Scorsese se empeña en mostrar -y se toma su tiempo para ello- el lento e inevitable proceso de decadencia de la vida en la mafia. Nos engaña, inicia con el ritmo rápido de Goodfellas y lentamente se va despojando de elementos hasta quedar prácticamente en Silencio (2016): no hay más música, no hay más planos secuencia, sólo De Niro soportando el peso de la culpa, del tiempo y la soledad.

Menos Soprano y más Mad Men

The Irishman no parece abrevar de Los Soprano (serie que Scorsese ha dicho que sólo vio un capítulo) pero sí de Mad Men (del mismo creador y showrunner, Matthew Weiner). Durante todo el relato, la hija Frank observa con recelo a su padre. Siempre en silencio pero con una mirada de reprobación absoluta.
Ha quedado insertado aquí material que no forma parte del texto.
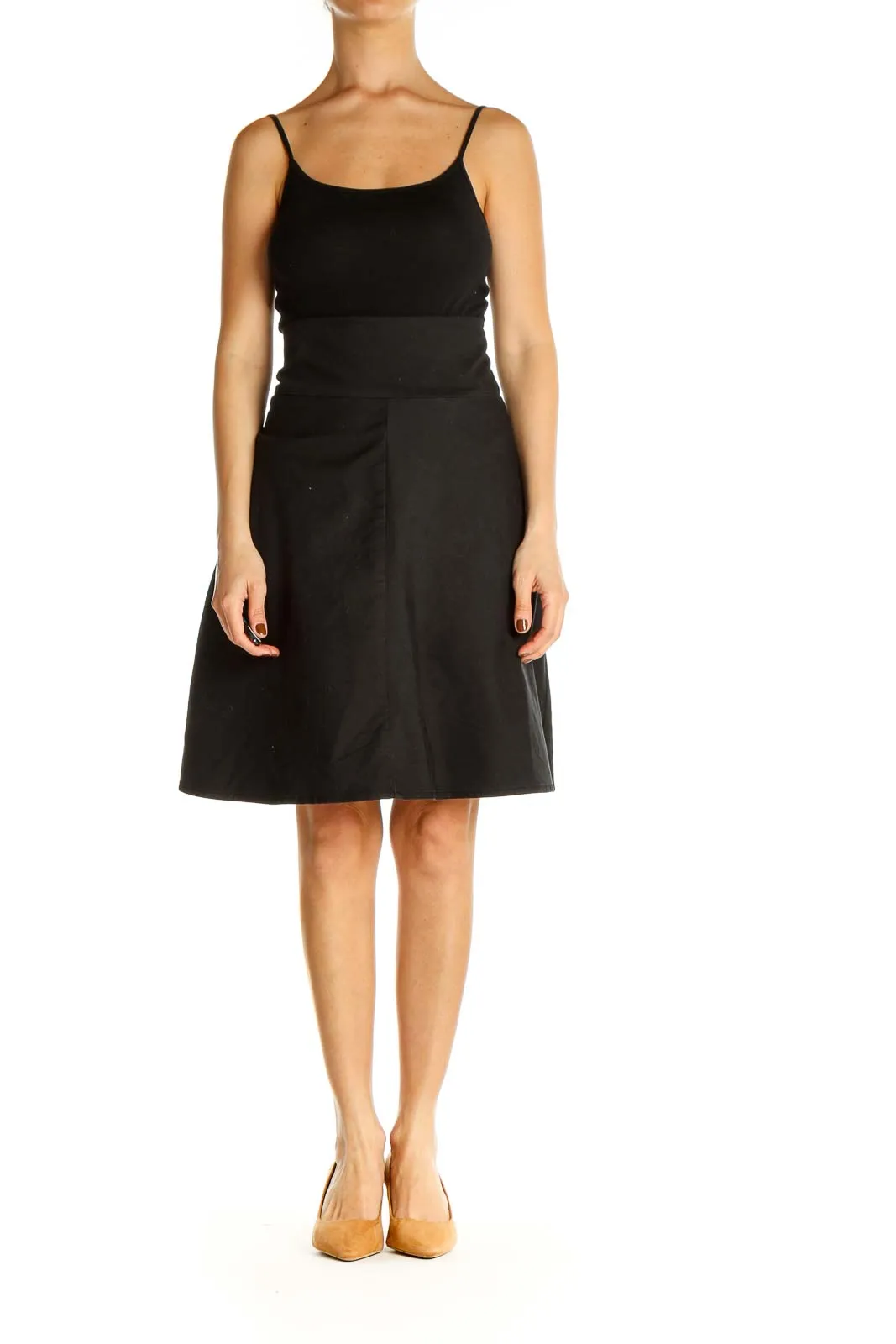 Black Solid Retro A-Line Skirt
La niña (interpretada Lucy Gallina) -que no soporta al personaje de Joe Pesci, pero que cae rendida ante la personalidad magnética del Hoffa de Pacino- será la presencia constante y silenciosa que nos recordará que siempre hay alguien más que paga el precio, que los hijos sí pagan los pecados de los padres.

Ya de adulta, la mujer es interpretada por Anna Paquin, quien con sólo la mirada, y una sola línea de diálogo, desmarca a esta película de las anteriores de Scorsese.

Una especie de despedida

Scorsese seguirá trabajando (de hecho ya está confirmada la filmación de su siguiente cinta, con De Niro y DiCaprio), pero es inevitable con The Irishman sentir un dejo de despedida. Porque esta película es también la reunión de un grupo de amigos, de capos del cine, de auténticos monstruos que forjaron la definición de lo que es un buen director, una gran actuación y una gran película.
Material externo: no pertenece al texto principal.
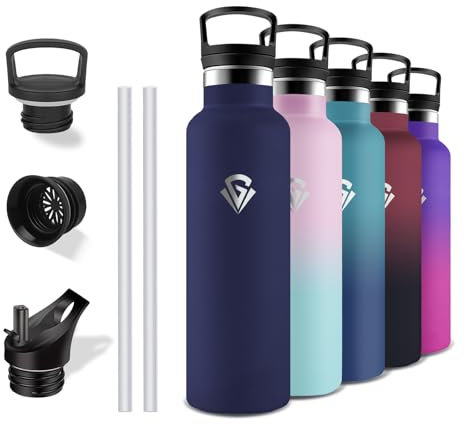 Grsta Thermosflasche, 750ml Trinkflasche Edelstahl, mit Strohhalm, BPA-Frei, Auslaufsicher, Wasserflasche Doppelwandig, für Schule, Camping, Wandern, Reisen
Emociona verlos a todos juntos: la mítica elegancia de Harvey Keitel, el desenfreno (hasta eso contenido) de Al Pacino, la asombrosa transformación de Joe Pesci en un hombre taciturno y hasta tierno (sin perder nunca autoridad y rudeza) y al frente un Robert De Niro del cual por un momento pensamos que no abandonaría las comedias bobas y que regresa para recordarnos por qué es una leyenda.

Scorsese no juega con la nostalgia, pero el gozo de verlos juntos de nueva cuenta es tal, que de repente te percatas que esta será la última vez, la última reunión de estos capos en una película.

The Irishman es una obra mayor, su trabajo más completo, más libre, probablemente el más apasionado, la suma de todas sus obsesiones y sí, su cinta más personal, aunque como dije al principio, con Scorsese siempre es personal.